Barge service to link Texas ports

Two Texas stevedoring companies, in Brownsville and Houston, plan to start a short sea barge service connecting the two ports in July.

   Kenton E. Schaefer II of Schaefer Stevedoring in Brownsville, said it will be a joint service with Richardson Marine in Houston and will be offered to U.S. and Mexican shippers.

   While the service will accept all sorts of breakbulk cargo, it largely aims at high demand by buyers and sellers of steel products, he said. Other bulk, breakbulk and project cargoes are expected to be attracted to the service.

   Schaefer noted the weak dollar has made U.S. steel more attractive to many Mexican importers because its relative cost compared to steel coming from overseas. These include companies based around Monterey, Mexico, as well as central and southern Mexico that have not been the traditional hinterland for the Port of Brownsville. In addition to Brownsville Schaefer has facilities in Tampico and Veracruz and is familiar with the Mexican market.

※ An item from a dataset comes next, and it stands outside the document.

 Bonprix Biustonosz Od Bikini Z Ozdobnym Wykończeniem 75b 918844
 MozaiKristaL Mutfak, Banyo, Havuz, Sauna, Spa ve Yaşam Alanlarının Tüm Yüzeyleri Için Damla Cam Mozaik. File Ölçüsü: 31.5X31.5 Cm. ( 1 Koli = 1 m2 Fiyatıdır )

   “These companies want to buy American steel, but they can’t put a barge load together,” he says. So the new service will assist companies by pooling shipments.

   Rather than having to buy enough steel to make up a full barge load — about 1,500 tons — buyers and sellers of just a few hundred tons will be able to take advantage of the lower cost of moving cargo by water between the two cities.

   “The other part of this is the exports, the Mexican product going into the U.S. that typically goes by truck,” he said.

   Shippers typically pay about $45 a ton to move cargo by truck between the two cities, he said, and the new service may be able to do the same move for about two-thirds the cost.

   Transit time will be about five to seven days, but Schaefer said “if it is not time sensitive, and a lot of this stuff isn’t, then it just makes sense.”

   In addition, he notes there will be an environmental benefit to removing trucks from Texas highways.

   While the two companies are just beginning to market the service, Schaefer said the service might appeal to, for example, mills in the Monterey area that buy coils or flat products from U.S. producers and then make it into tubing, angle channels or beams that they then ship to Houston.